A US-based manager with even basic Asian language skills and Asian sourcing experience will command an even hirer salary. Additionally, a team of managers and support staff will need to be hired, trained and supervised if there is a desire to have the in-house resources needed to manage an international supply chain.
Spending time in Asia at the factory is almost a pre-requisite for success, but the cost of sending staff to Asia on multiple business trips can be cost prohibitive. The figures above are for direct salary only. All in cost to the American company to hire staff in the USA is significantly higher after bonus, overheads, mandatory benefits and other in-direct costs are calculated.
According to Fiducia in their report on HR costs in China for 2014, the average salary across all industries in the Guangdong providence is 4200 RMB per month. Even after adding bonus, mandatory benefits, dorm/housing and meal allowance, the direct labor is still under 15,000 USD per year.
That number may sound very attractive but know that the “average person” didn’t attend university, doesn’t speak English and has very little international trade experience.

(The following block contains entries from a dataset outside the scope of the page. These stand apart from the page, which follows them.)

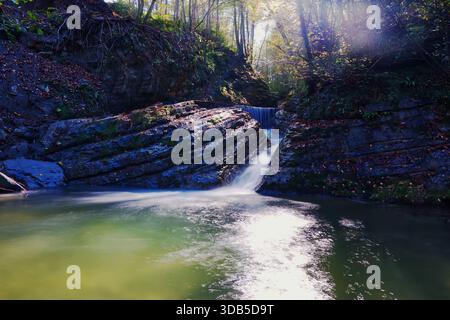 Ruhiger Waldwasserfall, der in sanftem Sonnenlicht über felsige Lagen fließt. Ein ruhiger kleiner Wasserfall, der über geschichtete Felsformationen in einem friedlichen F Stockfoto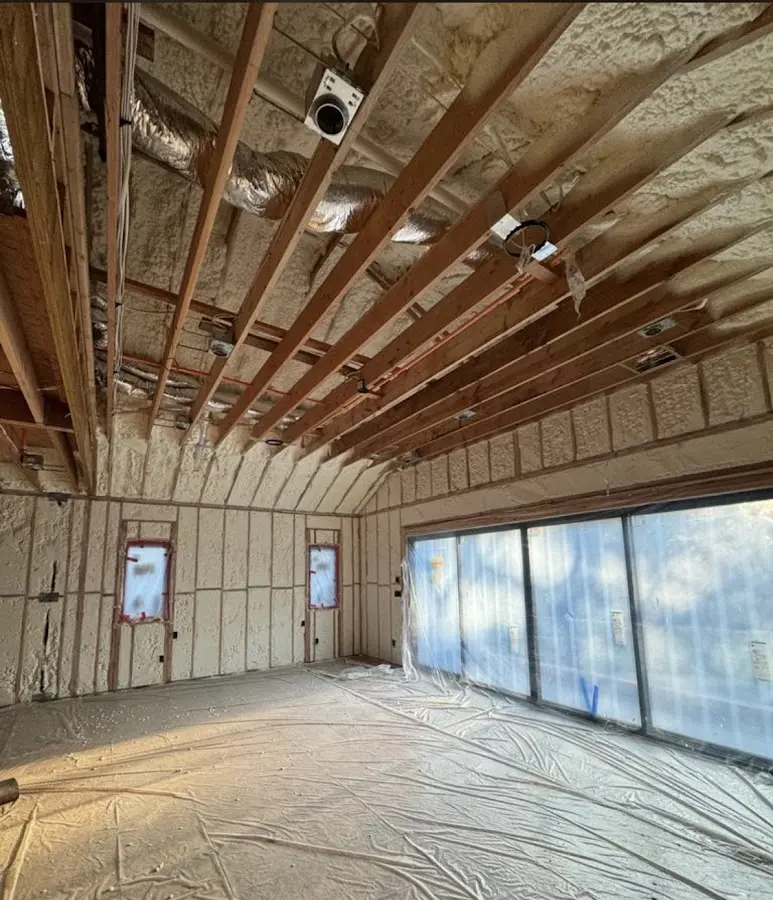 Interior walls and ceiling insulated with spray foam during new construction in Lewiston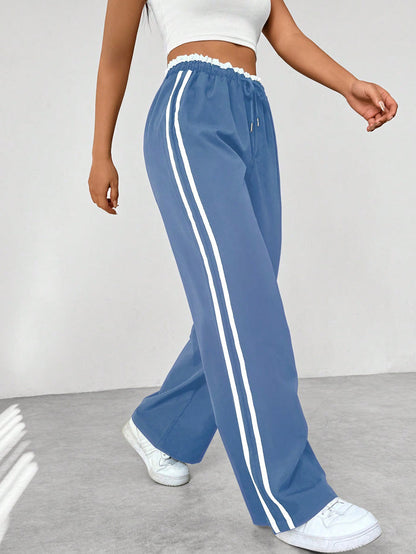 Katia | Loose-fit high-waisted track pants with side stripes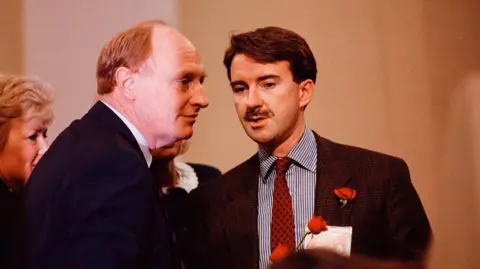 Getty Images Then Labour leader Neil Kinnock confers with a moustachioed Peter Mandelson in 1989. Both men are wearing dark suits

A review of the internet job forums in China will show that a Chinese manager with a university degree and 5 years’ experience in general sourcing or trading can earn around 12,000 RMB per month in a major Chinese city. Candidates with specialized skills can earn much more.

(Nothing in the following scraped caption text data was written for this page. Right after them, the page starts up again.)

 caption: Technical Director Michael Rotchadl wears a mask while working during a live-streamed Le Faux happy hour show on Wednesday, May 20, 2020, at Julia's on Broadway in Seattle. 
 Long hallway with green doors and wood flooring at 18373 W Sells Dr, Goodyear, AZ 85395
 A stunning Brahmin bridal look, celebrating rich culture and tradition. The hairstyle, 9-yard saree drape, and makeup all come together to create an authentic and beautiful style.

Even at around $30,000 a year for an experienced Sr. Chinese manager, the cost is still a fraction of the funds needed to engage professional staff in a developed economy like N. America, EU and Australia/NZ.
The advantages of outsourcing Supply Chain Management to a lower cost country is two-fold:
Significantly reduced HR costs
Physical proximity to supply base
So why isn’t everybody opening an international purchasing office in Asia?
Almost all small-medium sized firms and even the majority of large buyers don’t actually set up their own office in China because hiring and managing a team in China is no easy task from a culture, administrative, legal, linguistic and economic point of view.
For those reasons, China-based agents are often engaged and there has been an explosion in the number of China sourcing agencies over the past 10 year. Unfortunately, there is a lack of professionalism, transparency and experience among these China based agents. Far too much overpromising and under-delivery.
A Chinese or Foreign owned sourcing agency will charge between 3% and 15% of the PO value to perform various services at various levels of (un) professionalism. These agents often receive hidden kickbacks from the factory. As a result, the so-called “buyer’s representative” is actually working for the factory!